_Input data_.
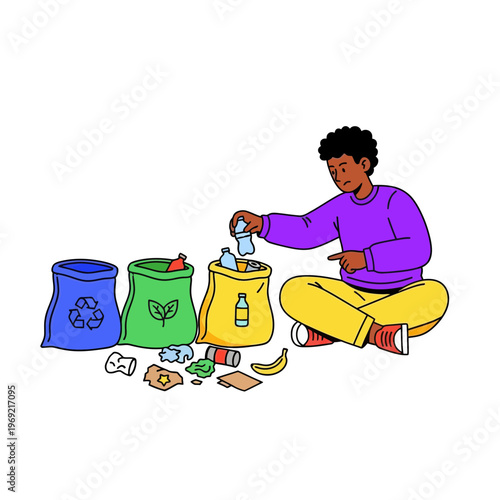 Diverse Male Characters Collecting and Sorting Garbage for Recycling, Sustainability and Environmental Protection Concept Illustration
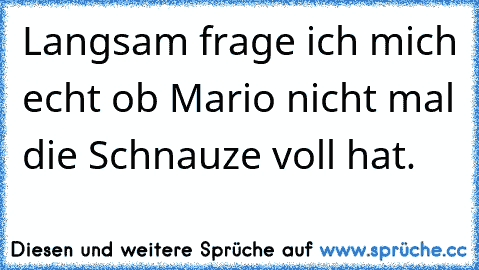 Langsam frage ich mich echt ob Mario nicht mal die Schnauze voll hat.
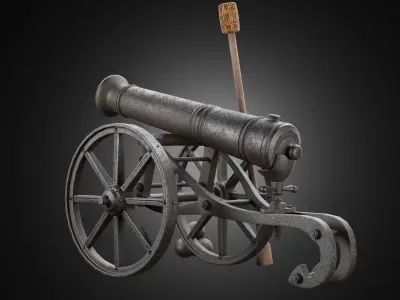 Vintage old cannon gun on rust carriage 3D model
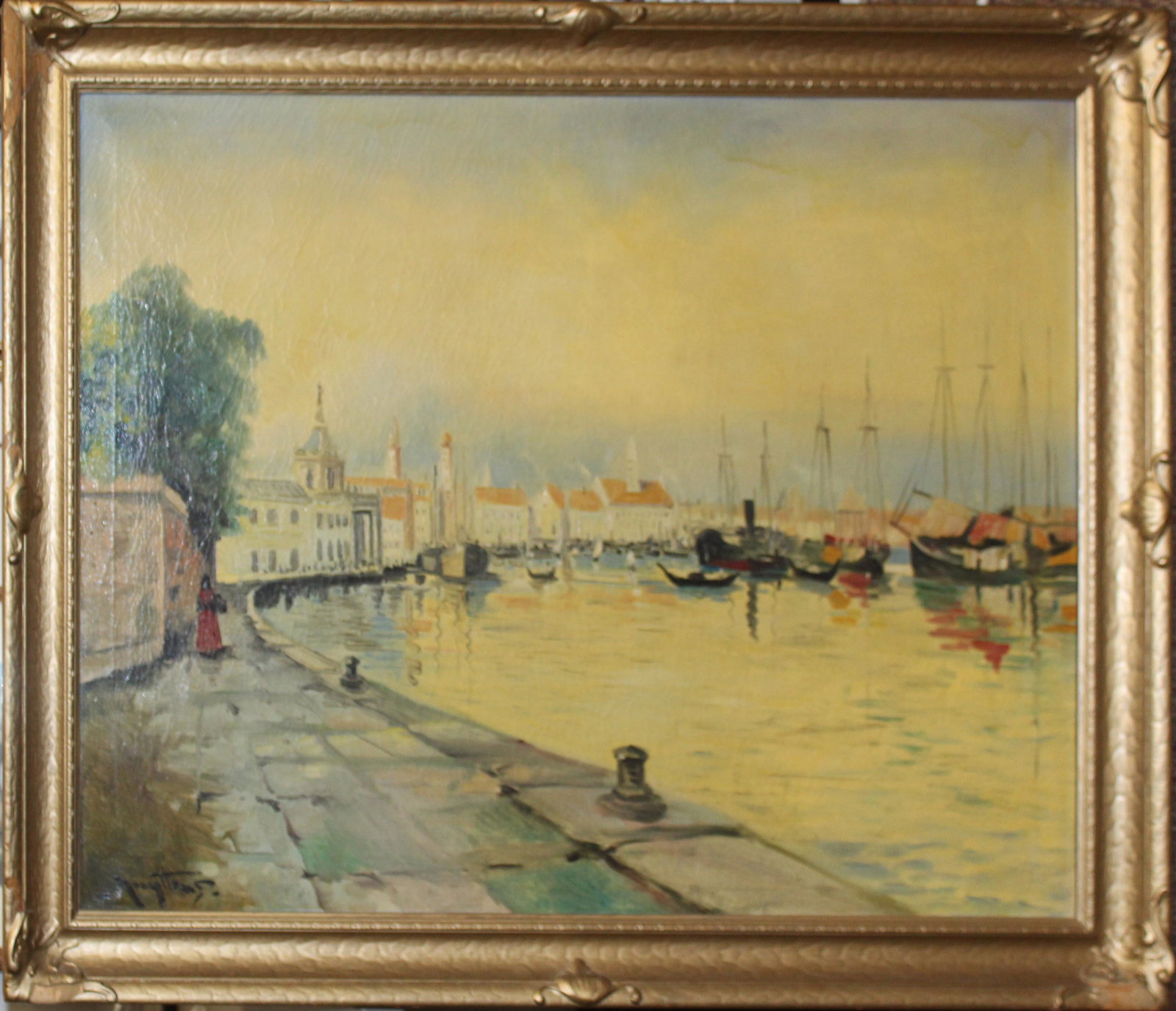 Josef Pierre Nuyttens (American 1885-1960) Venetian: Josef Pierre Nuyttens (American 1885-1960) Venetian Sunset oil on canvas signed lower left identified reverse 28 x 38"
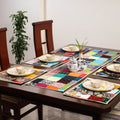 Multicolor - handcrafted cotton fusion table runner set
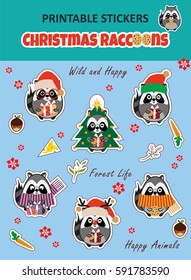 Vector elements for design. Kawaii printable stickers in cute cartoon style. Kawaii raccoon in Christmas outfits. Stickers for diary, stationery, paper animal, icons, sign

_Action item_. The copy must begin with the line containing "Multicolor - handcrafted", end with the last line of the material, match each line exactly, and hold no pictures.

_Answer to this task_.
 Multicolor - handcrafted cotton fusion table runner set
 Vector elements for design. Kawaii printable stickers in cute cartoon style. Kawaii raccoon in Christmas outfits. Stickers for diary, stationery, paper animal, icons, sign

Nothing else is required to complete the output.